5. Give example of an instance where you have explained a complex technical term or procedure to a layman? Which examples you gave to solve their queries?

I would really like to nail this interview so any help is appreciated!

Thanks.


----------



## JMPC (Jan 15, 2011)

This site has a lot of interview questions and answers:
IT Interview Questions | GeekInterview.com

You really need to know the material, having just the answers to the questions above isn't going to get you far. I interview a lot of people and it's easy to tell who knows the information and who doesn't.

Speak from experience and if you don't know the answer just say you don't know. Maybe explain how you would find the answer or the method you would use to resolve the issue.


----------



## greenbrucelee (Apr 24, 2007)

Do not assume that any of the questions you have posted will come up. Sounds more like you have been set some homework with set questions that you want answered but if not what JMPC is correct you need to know the material, knowing the answers but not the where's why's and why nots isn't going to help you.

I have had many interviews. I once went for one where I was asked no technical questions at all. The interviewer wanted to know about my horror movie collection and why I liked computers.

One place showed me lots of hardware and asked me to tell them what those pieces of hardware were and why a chain of scsi drives would not work even though they were connected to anything (it was because there were no terminators)

But as JMPC said if you don't know the answer say you don't know or if you don't understand the terminology or scenario tell them you don't.

You score much higher in an interview if you are honest and not mumbling and trying to rack your brains trying to find the best answer.


----------



## Troy_Jollimore (Dec 31, 2007)

^x2 Every interview is different, and personal presentation is usually the most important thing they're looking for. The trick is to be interested and keen, but not TOO keen. Like keeping a girl interested enough to go on a second date, you have to pretend to not be TOO interested. They have to WANT you a little. It's a difficult dance, because every interview and interviewer is different. You have to try reading them.
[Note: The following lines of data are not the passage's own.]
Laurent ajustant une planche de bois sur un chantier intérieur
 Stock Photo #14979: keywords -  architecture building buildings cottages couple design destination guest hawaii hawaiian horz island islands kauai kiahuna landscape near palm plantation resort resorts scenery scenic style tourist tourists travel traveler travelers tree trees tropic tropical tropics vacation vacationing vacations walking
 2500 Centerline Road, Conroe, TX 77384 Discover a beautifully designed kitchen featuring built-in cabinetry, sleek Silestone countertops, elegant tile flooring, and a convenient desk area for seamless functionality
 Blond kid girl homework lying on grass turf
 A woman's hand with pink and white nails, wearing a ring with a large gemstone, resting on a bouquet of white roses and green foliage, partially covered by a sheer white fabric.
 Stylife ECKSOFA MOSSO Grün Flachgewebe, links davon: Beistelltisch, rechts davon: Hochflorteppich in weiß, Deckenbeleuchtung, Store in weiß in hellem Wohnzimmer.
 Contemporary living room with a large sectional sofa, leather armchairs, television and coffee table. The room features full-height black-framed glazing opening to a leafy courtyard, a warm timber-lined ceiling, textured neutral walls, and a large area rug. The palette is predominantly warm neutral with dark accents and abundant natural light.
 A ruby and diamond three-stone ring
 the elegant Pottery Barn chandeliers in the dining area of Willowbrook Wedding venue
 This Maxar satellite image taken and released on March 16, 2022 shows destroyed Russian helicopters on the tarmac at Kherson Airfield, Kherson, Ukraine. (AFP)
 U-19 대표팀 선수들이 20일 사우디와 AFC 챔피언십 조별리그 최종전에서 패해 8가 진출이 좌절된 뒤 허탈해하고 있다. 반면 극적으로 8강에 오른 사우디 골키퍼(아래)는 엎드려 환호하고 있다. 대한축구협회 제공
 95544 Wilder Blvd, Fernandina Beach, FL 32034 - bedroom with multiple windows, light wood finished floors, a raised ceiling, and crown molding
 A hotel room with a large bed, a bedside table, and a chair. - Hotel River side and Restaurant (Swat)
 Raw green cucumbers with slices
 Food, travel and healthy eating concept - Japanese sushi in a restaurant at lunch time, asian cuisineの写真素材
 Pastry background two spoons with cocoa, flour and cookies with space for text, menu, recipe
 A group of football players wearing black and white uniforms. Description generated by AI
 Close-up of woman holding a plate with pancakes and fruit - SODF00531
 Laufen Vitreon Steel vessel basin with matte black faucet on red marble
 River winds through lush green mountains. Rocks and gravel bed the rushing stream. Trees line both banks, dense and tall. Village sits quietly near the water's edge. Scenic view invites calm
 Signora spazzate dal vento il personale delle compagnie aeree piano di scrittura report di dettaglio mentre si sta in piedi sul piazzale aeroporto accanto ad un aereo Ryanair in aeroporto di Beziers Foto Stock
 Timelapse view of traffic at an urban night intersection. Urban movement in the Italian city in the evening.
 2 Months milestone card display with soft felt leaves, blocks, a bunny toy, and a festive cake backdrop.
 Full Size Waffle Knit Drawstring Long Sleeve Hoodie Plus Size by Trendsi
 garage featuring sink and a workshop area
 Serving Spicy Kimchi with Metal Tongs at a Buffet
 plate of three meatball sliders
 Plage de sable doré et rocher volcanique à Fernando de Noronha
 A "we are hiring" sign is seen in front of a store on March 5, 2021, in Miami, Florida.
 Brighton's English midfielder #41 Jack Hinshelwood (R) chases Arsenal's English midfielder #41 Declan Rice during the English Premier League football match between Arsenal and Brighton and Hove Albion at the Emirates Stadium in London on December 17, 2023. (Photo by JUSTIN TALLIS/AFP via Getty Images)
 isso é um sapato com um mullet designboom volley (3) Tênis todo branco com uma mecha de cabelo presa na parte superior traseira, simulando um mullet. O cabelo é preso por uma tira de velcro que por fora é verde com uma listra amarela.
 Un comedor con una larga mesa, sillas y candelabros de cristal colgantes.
For example, I once blew an interview where I had already been working contract for a manager, and this was the second, verbal interview for a permanent position. The written test had been VERY difficult, so I was tense. When I realized the verbal test questions were relatively easy, I leaned back and relaxed. When I asked him later why I didn't get the job, he said I looked bored and uninterested. When I explained why, he gave himself a whack on the head! As another example, the two best jobs I've had I'd gotten because I TOLD THE INTERVIEWERS OFF. I know, it still makes no sense to me, either, and I'm not telling you to DO that... But I think it all comes back to making them want you. I don't think they liked me not 'needing' them.


----------